▶ **RECORDS TO USE**:
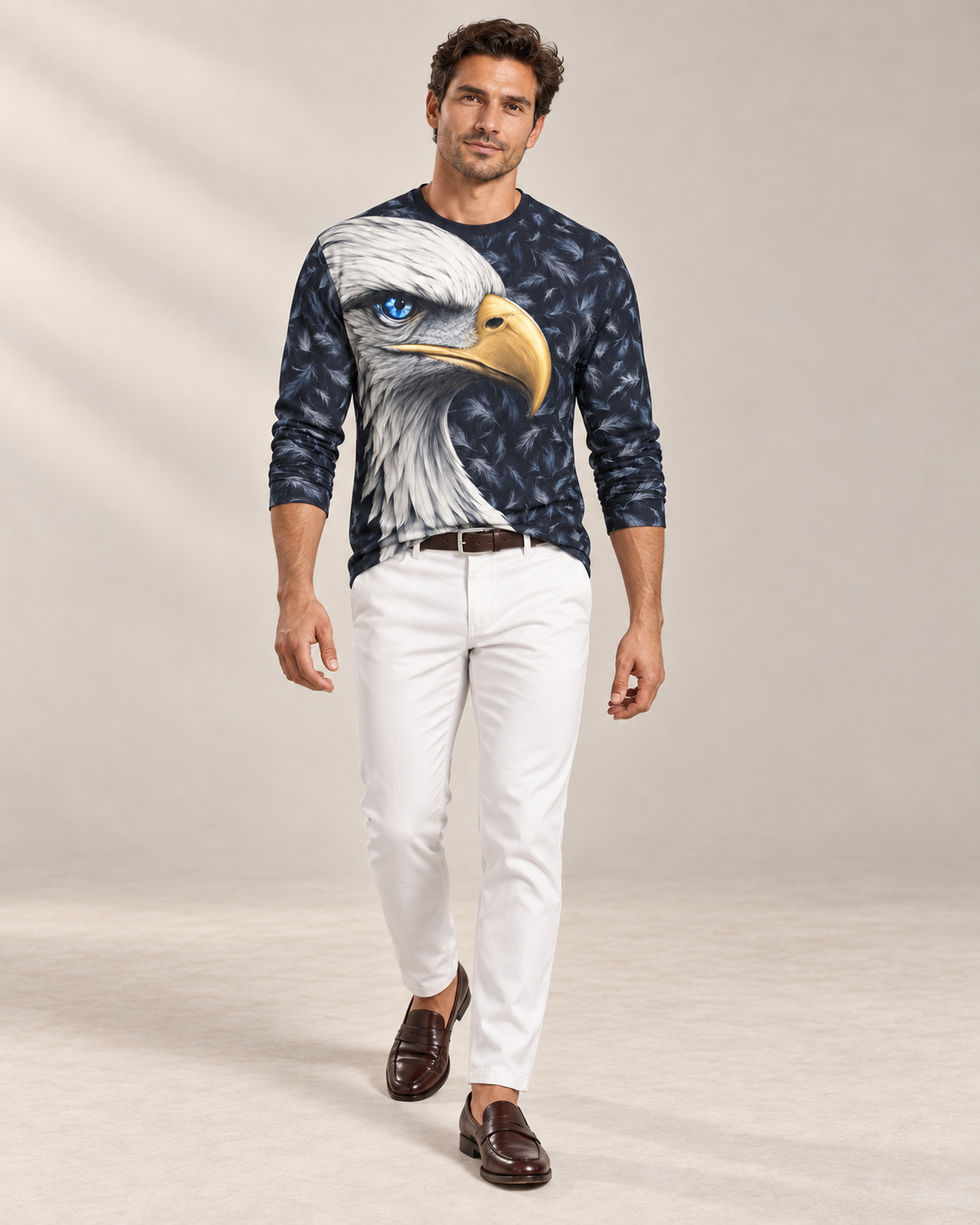 Frost Eagle Luxury Long Sleeve T-Shirt by UNIKCOSA, front walking view with white tailored trousers and cherry-brown loafers — AI-generated model illustration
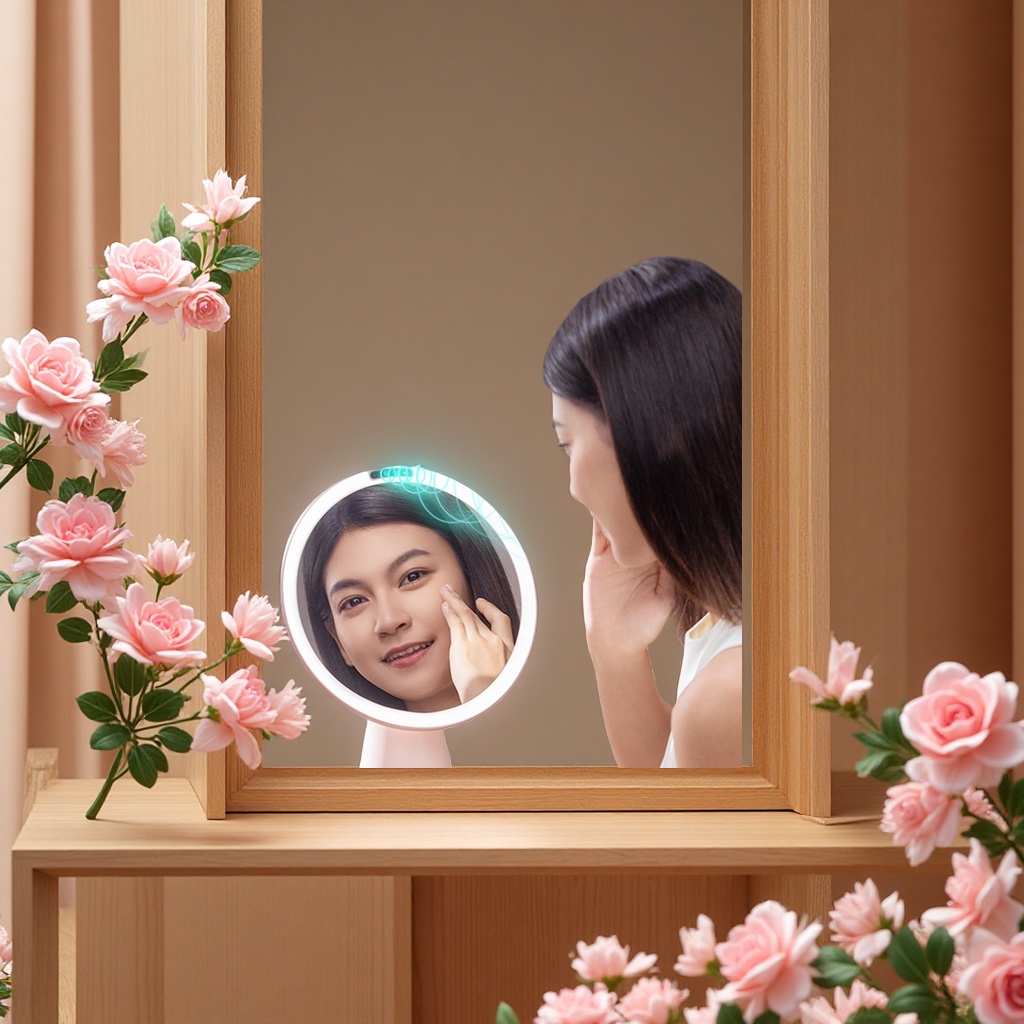 AI beauty mirror, makeup mirror, AI voice large model, 8 dimming modes, intelligent beauty mirror Application Scenario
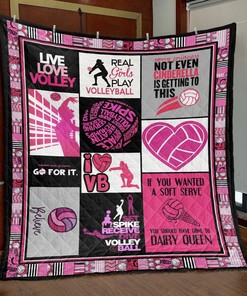 Personalized Live Love Volley Quilt Bedding Set for Bedroom Decor and Gifts for Fans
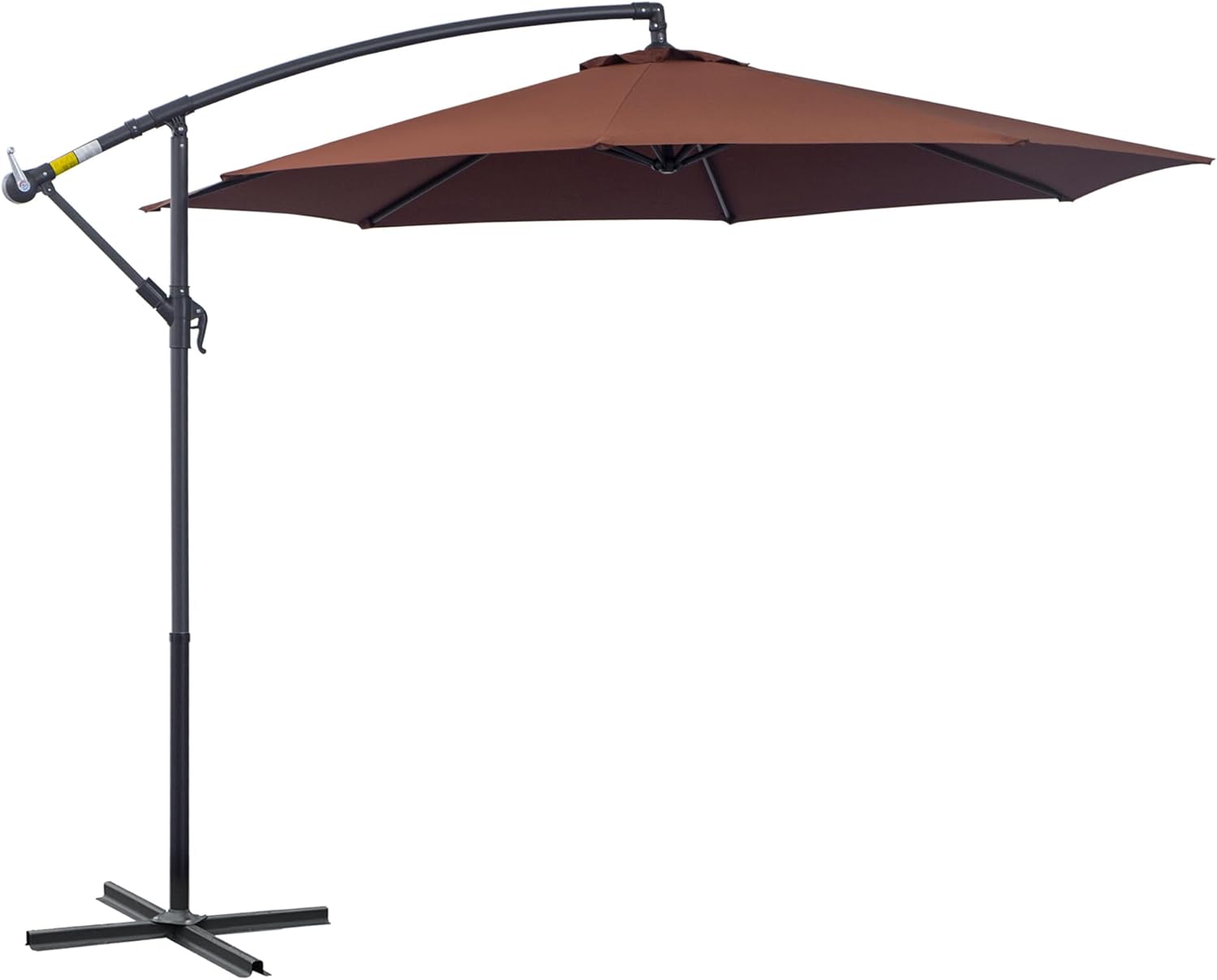 Brown Cantilever Patio Umbrella with UV Protection and Sturdy Stand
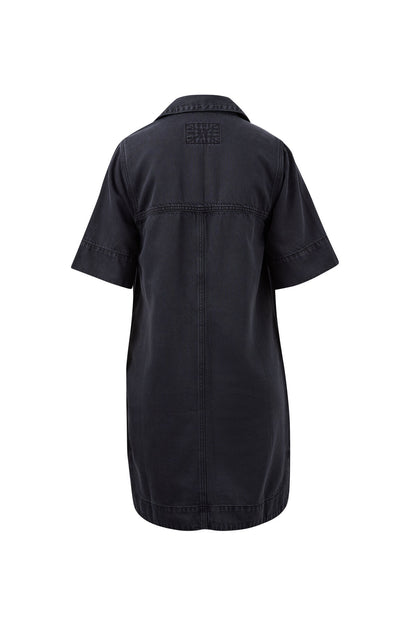 Ceres Life Bonnie Relaxed Shirt Dress, Washed Black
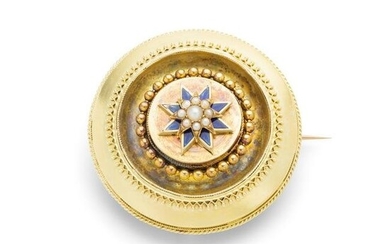 A late 19th century pearl brooch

▶ **WHAT YOU SHOULD DO**: Your answer must be the entries written out word for word, without their pictures.

▶ **RESULT OF THE EXERCISE**:
 Frost Eagle Luxury Long Sleeve T-Shirt by UNIKCOSA, front walking view with white tailored trousers and cherry-brown loafers — AI-generated model illustration
 AI beauty mirror, makeup mirror, AI voice large model, 8 dimming modes, intelligent beauty mirror Application Scenario
 Personalized Live Love Volley Quilt Bedding Set for Bedroom Decor and Gifts for Fans
 Brown Cantilever Patio Umbrella with UV Protection and Sturdy Stand
 Ceres Life Bonnie Relaxed Shirt Dress, Washed Black
 A late 19th century pearl brooch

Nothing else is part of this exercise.